AgentSkillsCN

bibtex-curator

当用户希望修复 Quarto 或 LaTeX 文档中过于简略或未完整书写的引用,将纯文本引用转换为规范的 BibTeX 引用命令,清理参考文献列表,或核查工作论文是否已正式发表时使用。

SKILL.md
--- frontmatter
name: bibtex-curator
description: Use when the user wants to fix bare/written-out citations in a Quarto or LaTeX document, convert plain-text citations to proper BibTeX citation commands, clean up a bibliography, or check if working papers have been published

BibTeX Curator

Detect written-out citations in .qmd/.tex files, resolve them to BibTeX entries, replace with proper citation commands, and check working papers for published versions.

Prerequisites

Requires 3 MCP servers (see ../../mcps/README.md for installation):

  • semantic-scholar-mcp — search academic papers, retrieve BibTeX
  • crossref-mcp — search metadata, get BibTeX, find published versions
  • bibtex-mcp — parse .bib files, scan documents, rekey entries, generate cite commands

Constraints

  • NEVER change the meaning of a citation (wrong paper is worse than a bare citation)
  • NEVER delete existing proper citations (@key, \cite{key}, etc.)
  • MUST preserve all surrounding text exactly
  • MUST add new entries to the project's existing .bib file (don't create a new one)
  • MUST match the project's existing BibTeX key convention (observe existing keys before generating new ones)

Escalation Policy

Ask the user when:

  • Multiple .bib entries match the same author-year
  • API confidence score is 4–6 (ambiguous match)
  • Author name could refer to different people (e.g., "Smith (2015)")
  • Can't find the paper through any source
  • A working paper's published version has a substantially different title (similarity < 0.8)

Proceed automatically when:

  • Unique match found in .bib file
  • High-confidence API match (score >= 7)
  • Straightforward citation syntax replacement
  • Working paper clearly published with same/near-identical title (similarity >= 0.8)

Workflow

Step 1: Locate Document and Bibliography

Goal: Identify what document to fix and where its bibliography file is

Detect document type:

  • .qmd file → Quarto (uses @key syntax)
  • .tex file → LaTeX (uses \citet{key} or \citep{key} syntax)

Locate bibliography file:

  • For .qmd: Extract from bibliography: field in YAML frontmatter
  • For .tex: Extract from \bibliography{filename} command
  • If not found, ask user for the path to their .bib file

Step 2: Scan for Bare Citations

Goal: Find all written-out citations (like "Author (Year)") that need to be converted to proper citation commands

Use bibtex-mcp tool:

code
bibtex-mcp.scan_bare_citations(path: document_path)

Returns array of citations with:

  • text — matched citation text (e.g., "Conley and Udry (2010)")
  • line — line number in document
  • authors — extracted author last names
  • year — extracted year
  • citation_type — "narrative" or "parenthetical"
  • locator — page/chapter reference if present
  • prefix, suffix — additional text like "see" or "among others"

This gives us a to-do list of all citations that need fixing.
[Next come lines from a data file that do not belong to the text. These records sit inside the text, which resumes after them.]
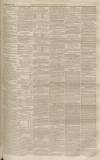 Westmorland Gazette Saturday 15 July 1854 Page 7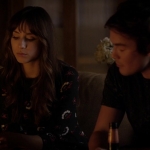 Pretty_Little_Liars_S06E13_The_Gloves_Are_On_720p_WEB-DL_DD5_1_H_264-NTb_2324.jpg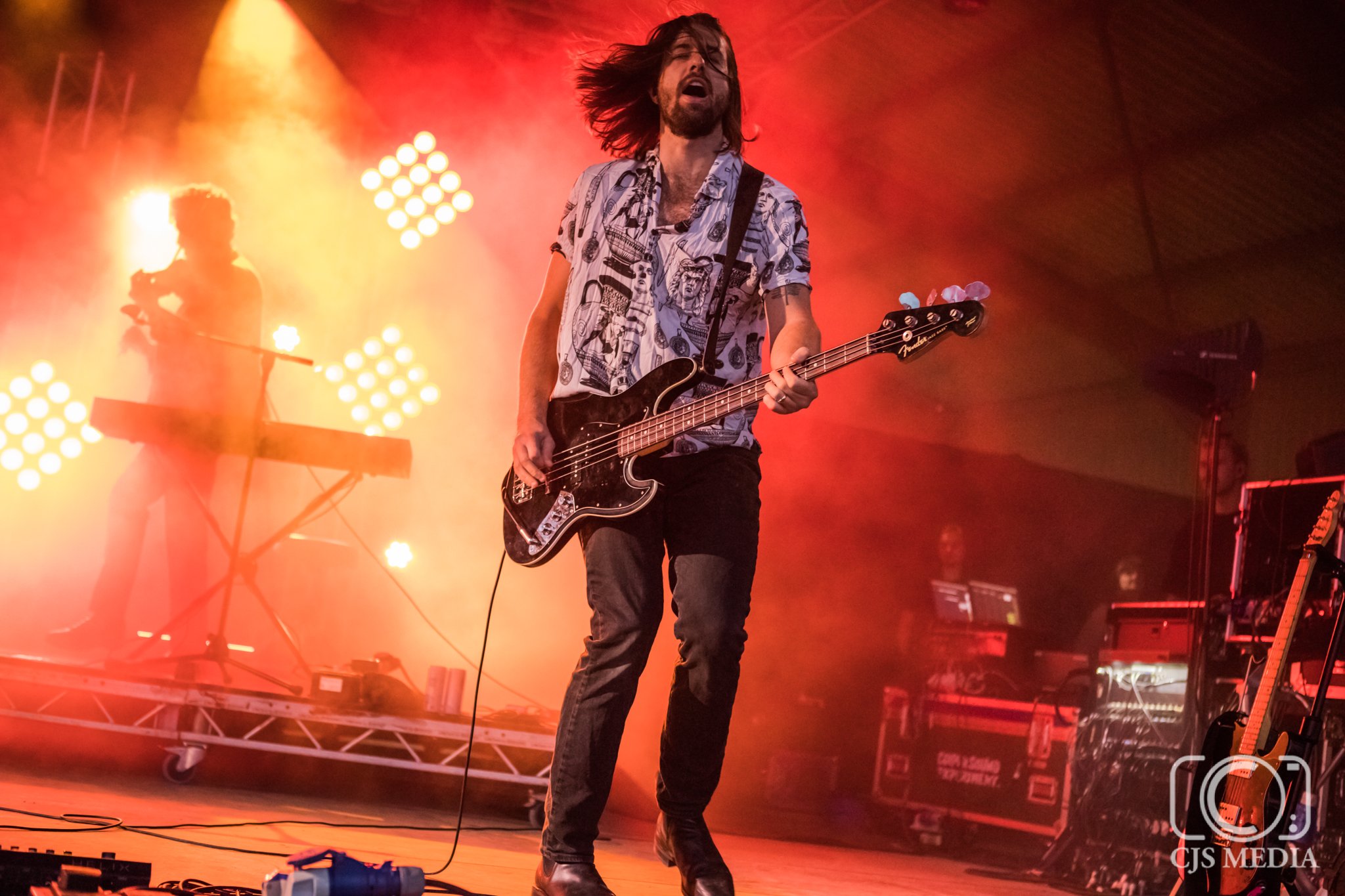 GangofYouths (4 of 27).jpg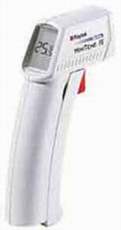 臨沂紅外測溫儀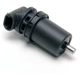 Purchase Top-Quality Speed Sensor by DELPHI - SS10568 pa3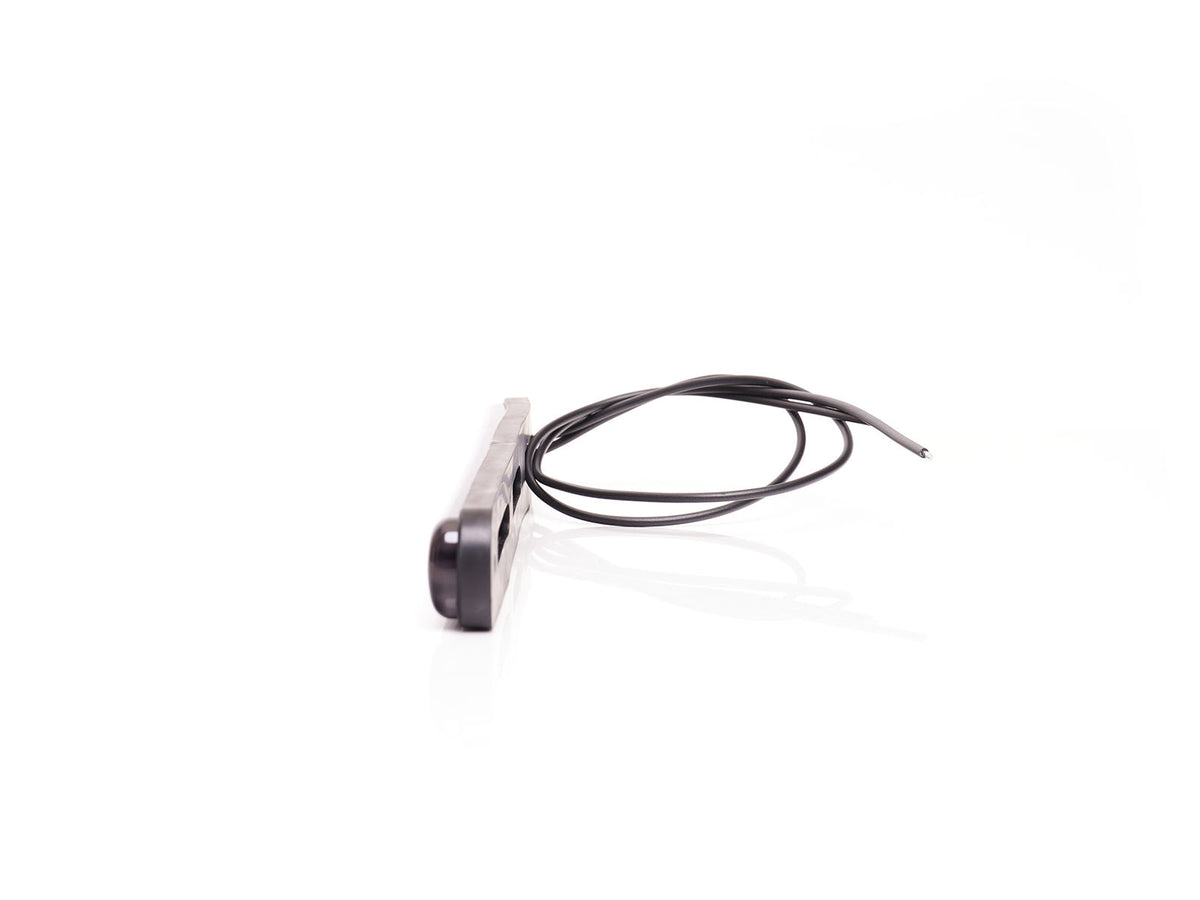 WAŚ W276 BLACK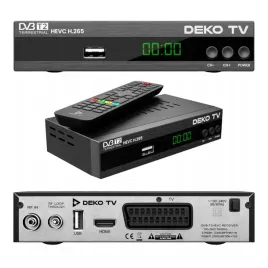 tuner-dekoder-dvb-t2-dekotv-pro2-telewizji-naziemnej-hevc-h-265-deko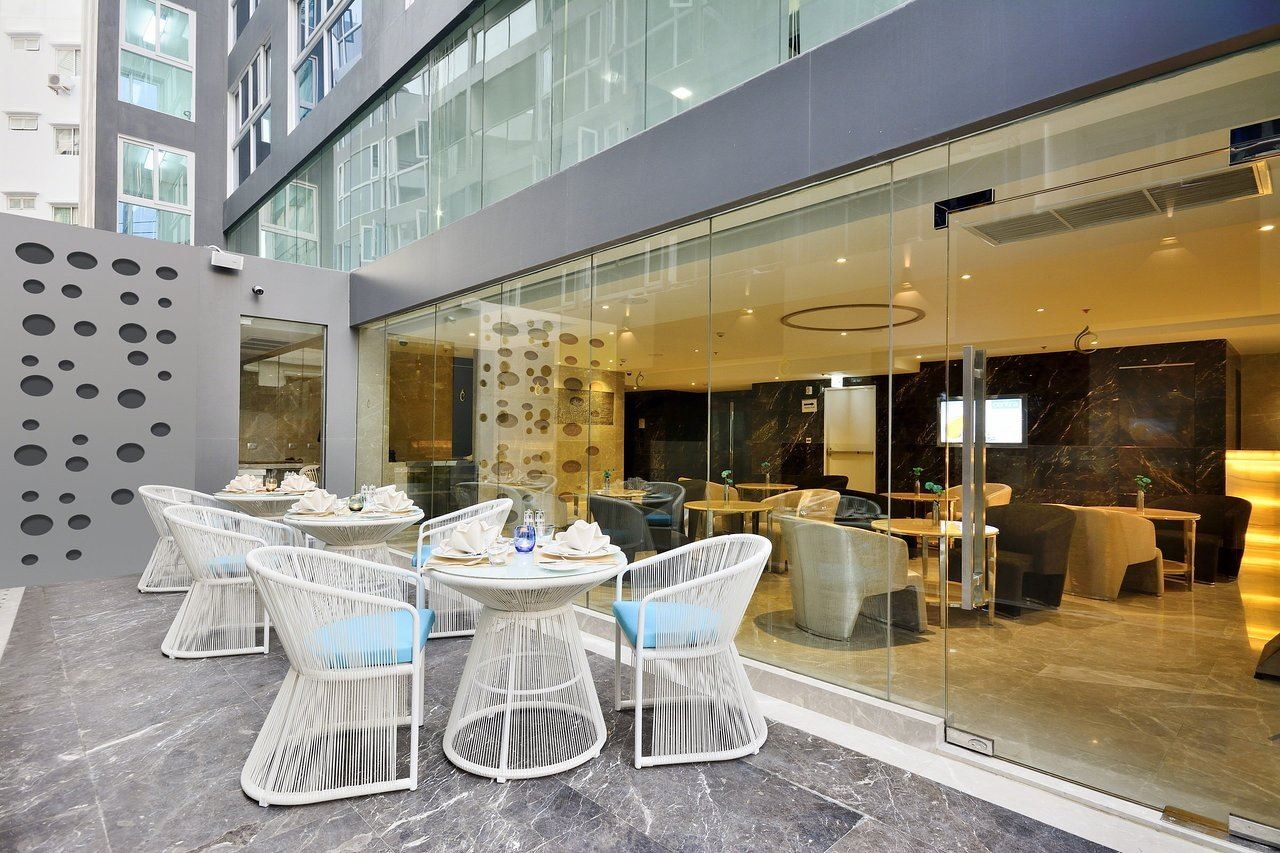 restaurants-lobby-bistro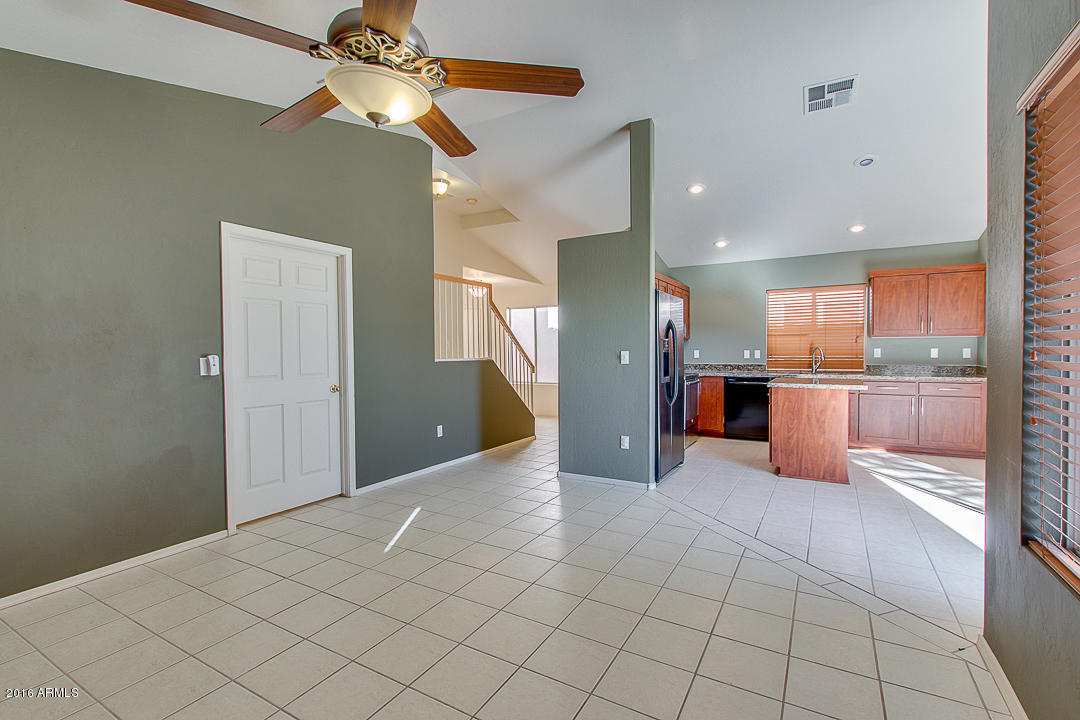 1459 E South Fork Dr, Phoenix, AZ 85048 photo 9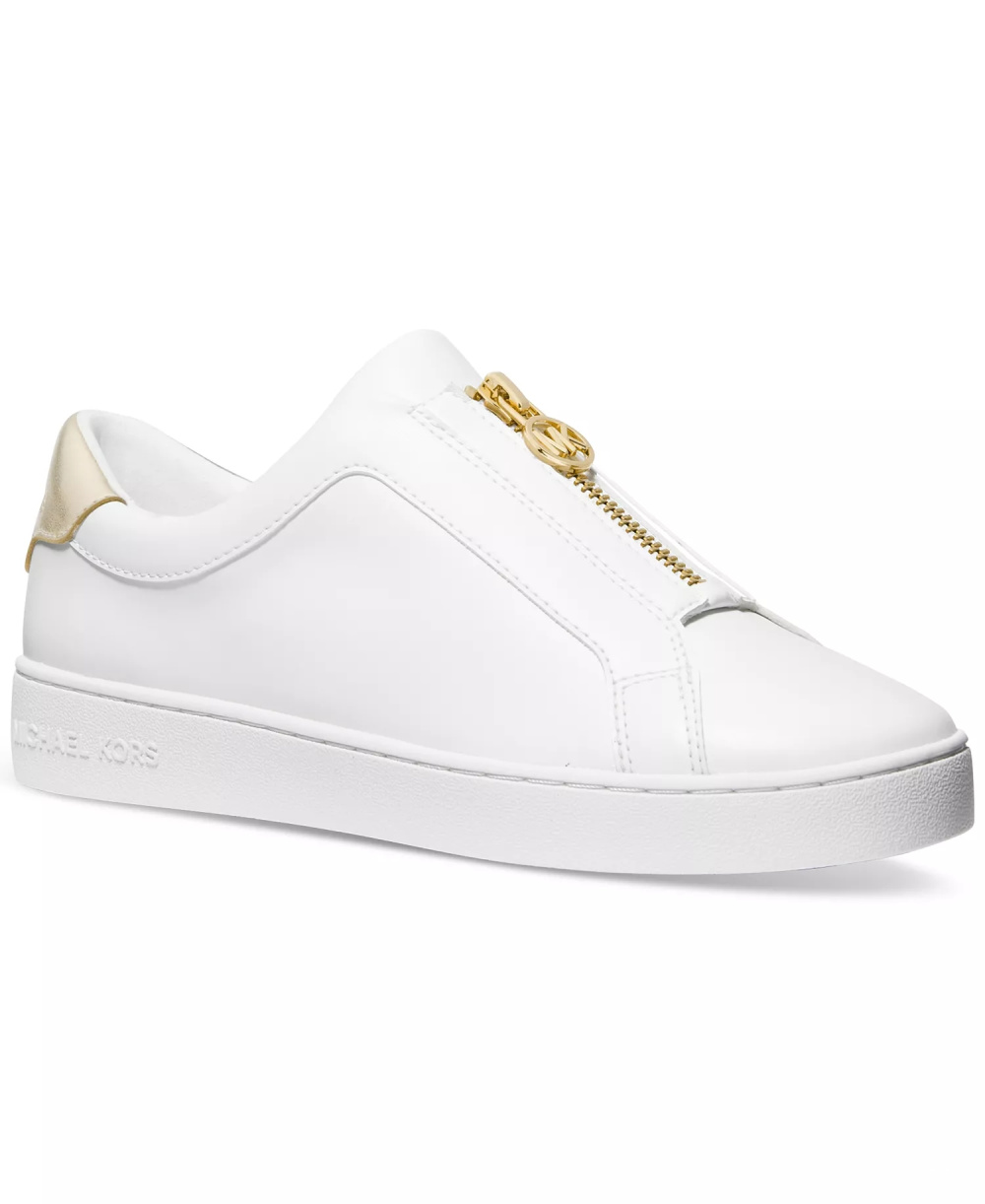 Кеды Michael kors 38,5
Report to user: "Found N bare citations to resolve."

Step 3: Parse Existing Bibliography

Goal: Index the existing .bib file so we can check if papers are already there before searching APIs

Use bibtex-mcp tool:

code
bibtex-mcp.parse_bib(path: bib_file_path)

Returns author-year index mapping strings like "Conley-2010" to arrays of matching entries. Each entry includes:

  • key — BibTeX key (e.g., "conley2010learning")
  • type — entry type (article, techreport, unpublished, etc.)
  • authors — array of author last names
  • year, title, fields

This lets us quickly check "is Conley (2010) already in the .bib?" before doing expensive API searches.

Step 4: Resolve Each Citation

Goal: For each bare citation, figure out which paper it refers to and get its proper BibTeX key

For each bare citation detected in Step 2, resolve in priority order:

Priority 1: Existing .bib Match

Check if the citation's authors and year match any entry in the parsed bibliography index (from Step 3).

If unique match found:

  • Use bibtex-mcp tool to generate replacement:
    code
    bibtex-mcp.suggest_replacement(
      citation_text: original_text,
      key: matched_bib_key,
      doc_type: "qmd" or "tex",
      natbib: true
    )
    
  • Replace the bare citation with the suggested command
  • Continue to next citation

If multiple matches found:

  • Show user the options with titles
  • Ask which entry they meant
  • Use selected key for replacement

If no match found:

  • Proceed to Priority 2 (Project markdown search)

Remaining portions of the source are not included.